What Do You Teach the Kids, Nones?

 

CManningTwenty percent of the adult American population now say they have no religion. Call them unaffiliated or call them Nones, that 40 million people includes some 10 million parents who have chosen to raise their children without benefit of a faith tradition they call their own.

One of these is Cristel Manning, who teaches religion at Sacred Heart University in Fairfield, Conn. Sociologist that she is, Manning decided to conduct a qualitative study of how some of her fellow None parents are managing it.

The result is Losing Our Religion: How Unaffiliated Parents Are Raising Their Children, a book based on interviews with None parents around the country that New York University Press will publish later this year. Last week she came to our monthly Public Values lunch to discuss it with faculty and students.

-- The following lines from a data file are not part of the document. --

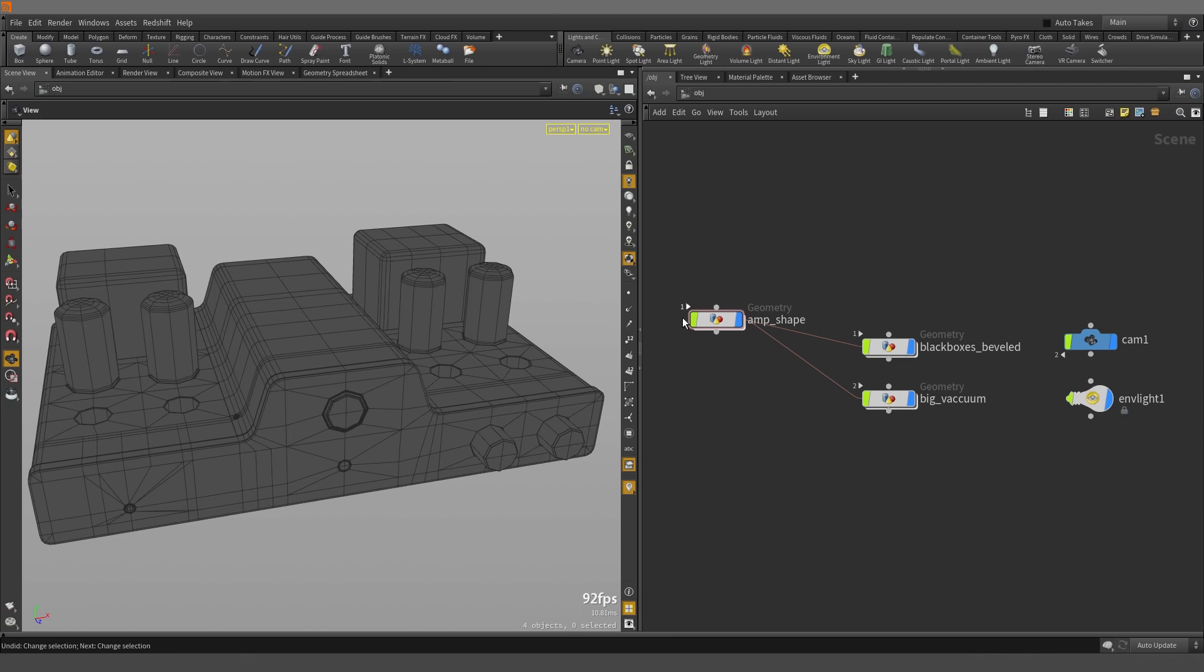Now when the triangles are pointing inwards, it means that there are dependencies that this node relies on.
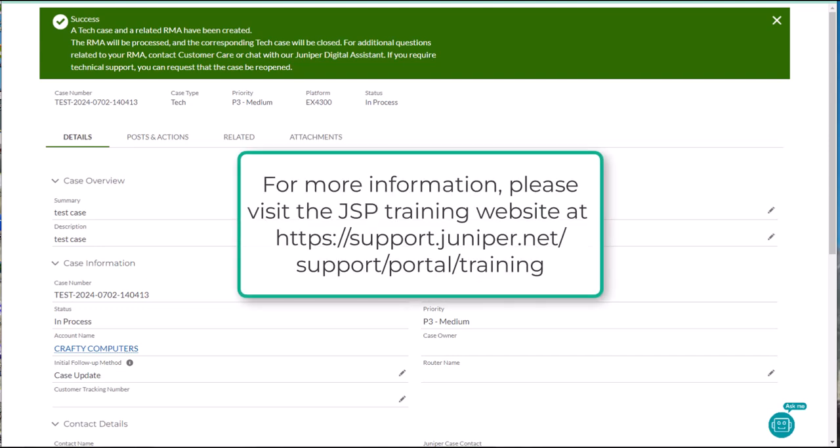For more information on how to open and manage cases, manage RMAs, and perform other activities in the Juniper support portal, see the video and guides available on our JSP training website.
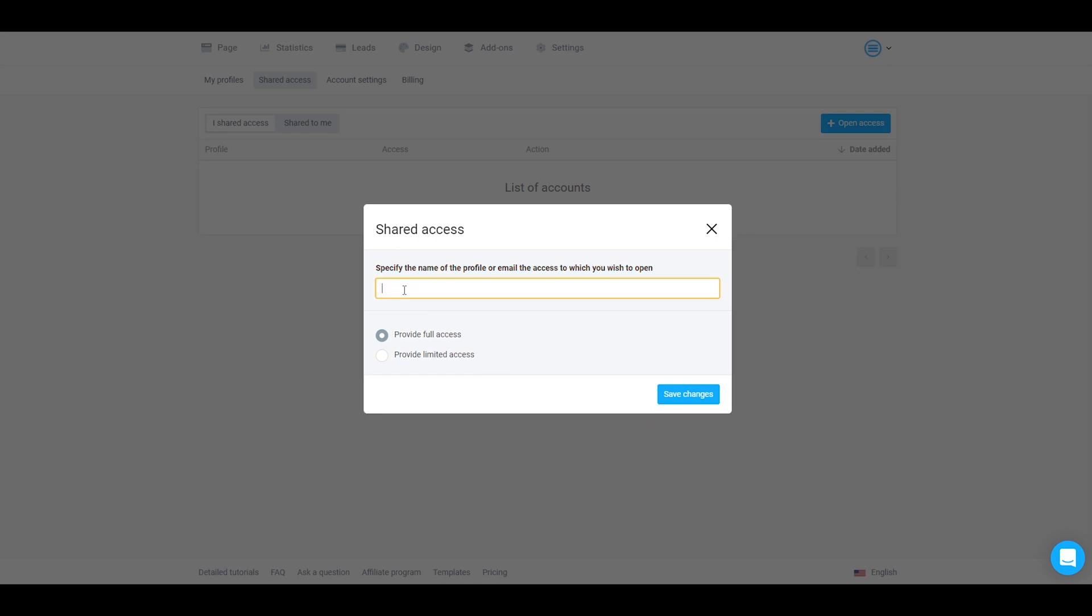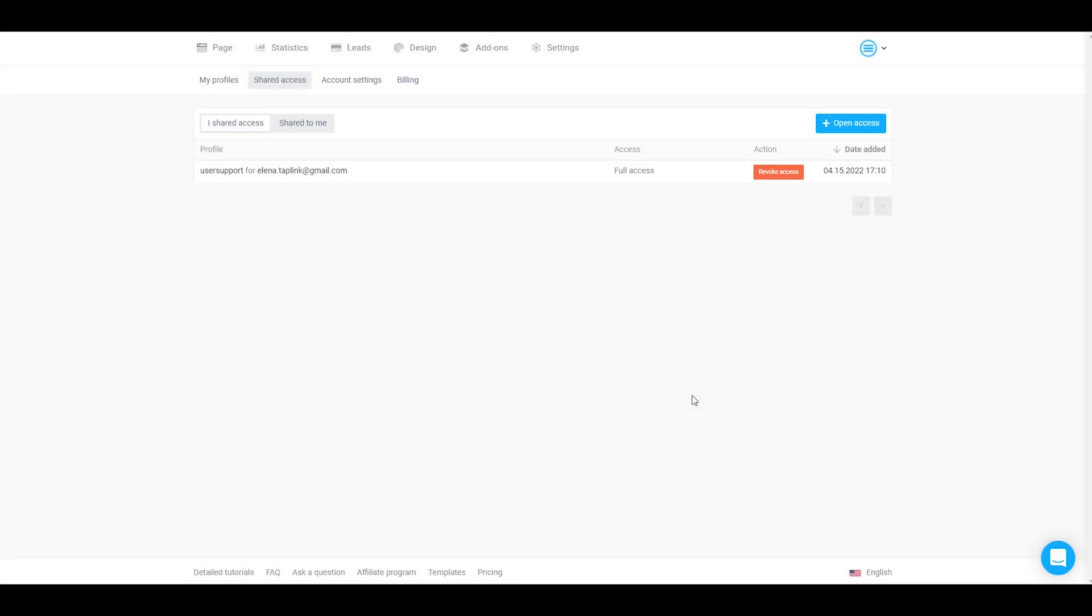Once you've entered their email, you can choose whether to provide full or limited access. In my case, I will choose full access and click save changes. Here you will see that you shared access to this email.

Nones are notoriously diverse in what they believe. Many more say they believe in a God than profess outright atheism.

“Being None is less about secularization than about people deciding how they get to be spiritual,” Manning said. What Nones are is skeptical about the value of belonging to religious institutions.

Many of them are nonetheless reluctant to impose their skepticism on their children, and will often outsource religious education by sending their children to a Protestant Sunday school or Catholic CCD or Jewish Hebrew School. But while, like other Americans, Nones “agree that everybody should be able to choose,” Manning said, “Nones won’t allow children to choose just anything.”

Sending them to try out a fundamentalist church, for example, is a bridge too far.

Grandparents, Manning found to her surprise, exert major pressure on young None parents to affiliate with a religious institution. In some cases, they will succumb and join, for the sake of the community if nothing else.

But becoming parents can also push Nones in the opposite direction. “Starting a family made some people overtly embrace atheism,” Manning said. “They now had to think about it.”